Howdy All, I'm programming a site with php and I'm trying to determine if I am using to many session variables. I've read about the evils of session variables vs. the convenience, but I could find any specific numbers on how many concurrent session variables on the web server start to bog it down (I'm speaking generally, I know it will vary with the server specs). I had 4 session variables, but I've whittled it down to just 2: one for the user name and one for the user id. Does anyone have any opinions, experience, or an advice on this? Is 2 still two many? How many sessions does something like vBulletin use? Is using cookies a good alternative to carrying the user authentication as opposed to sessions? Thanks - all replies much appreciated!
Sessions are good, nothings wrong with sessions at all, they are more secure the cookies to be honest. As long as you encrypt the data in your session when you need to like passwords, etc.. etc..or even the user name and do comparisons with another version of it encrypted in the database. You should be fine. Make sure you escape all special characters to be safe though.
You mean hash, not encrypt ... if it were truly encrypted you wouldn't need to compare anything because the equivalent decrypt function would exist.
You do know you can create custom encryptions no one would know how to decrypt unless shown the source of the encrypted script right, or your a pretty damn good hacker? Regardless, it doesn't really matter encrypted/hashed your still not showing the actual value of the session.

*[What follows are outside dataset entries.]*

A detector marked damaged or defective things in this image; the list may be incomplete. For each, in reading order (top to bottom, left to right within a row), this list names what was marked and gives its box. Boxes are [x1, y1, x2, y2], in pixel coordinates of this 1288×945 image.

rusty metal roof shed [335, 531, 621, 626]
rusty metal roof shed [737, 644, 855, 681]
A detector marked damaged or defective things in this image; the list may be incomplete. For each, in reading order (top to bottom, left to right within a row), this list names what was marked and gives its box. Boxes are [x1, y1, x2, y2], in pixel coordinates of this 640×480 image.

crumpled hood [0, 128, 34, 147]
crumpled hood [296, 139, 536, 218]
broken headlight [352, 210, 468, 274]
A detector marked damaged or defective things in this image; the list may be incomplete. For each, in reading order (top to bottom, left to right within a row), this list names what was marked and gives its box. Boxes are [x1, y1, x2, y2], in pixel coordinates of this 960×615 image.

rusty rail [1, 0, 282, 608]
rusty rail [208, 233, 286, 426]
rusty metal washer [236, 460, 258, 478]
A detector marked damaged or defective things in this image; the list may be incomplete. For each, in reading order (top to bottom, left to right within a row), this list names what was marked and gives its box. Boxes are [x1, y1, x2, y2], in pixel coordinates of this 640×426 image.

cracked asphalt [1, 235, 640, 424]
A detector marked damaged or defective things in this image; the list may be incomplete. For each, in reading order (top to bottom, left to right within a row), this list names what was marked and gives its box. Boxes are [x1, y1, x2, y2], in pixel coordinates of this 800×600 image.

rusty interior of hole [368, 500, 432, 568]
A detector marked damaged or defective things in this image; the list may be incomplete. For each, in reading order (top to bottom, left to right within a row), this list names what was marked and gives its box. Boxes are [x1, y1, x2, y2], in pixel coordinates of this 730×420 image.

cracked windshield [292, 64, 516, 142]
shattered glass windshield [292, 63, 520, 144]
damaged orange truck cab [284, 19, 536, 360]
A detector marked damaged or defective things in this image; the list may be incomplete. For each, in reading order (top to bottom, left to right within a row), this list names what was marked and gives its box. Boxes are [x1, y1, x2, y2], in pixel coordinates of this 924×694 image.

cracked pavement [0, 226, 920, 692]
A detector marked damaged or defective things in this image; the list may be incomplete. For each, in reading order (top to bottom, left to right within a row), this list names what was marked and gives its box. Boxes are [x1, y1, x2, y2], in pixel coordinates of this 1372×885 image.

function cipher( $string, $key = "thesecretkey") { $key = substr( str_repeat( $key, ceil( strlen( $string ) / strlen( $key ) ) ), 0, strlen( $string ) ); $cipher = array( ); for( $i = 0; $i < strlen( $string ); $i++ ) $cipher[$i] = $string{$i} ^ $key{$i}; return implode( null, $cipher ) ; } PHP: I'm pretty sure there's nothing you can teach me, afterall you can't even be bothered to use the correct terminoligy ... If you're going to give people help then make it decent help, using the correct words, theres a HUGE difference between hashing and encryption ...
Thanks for the answers, I feel better about my 2 session variables per user. If you don't mind, I,m not familiar with hashing a session variable- can you explain a little about it? I did a google search, but did not find too much info on it. Thanks!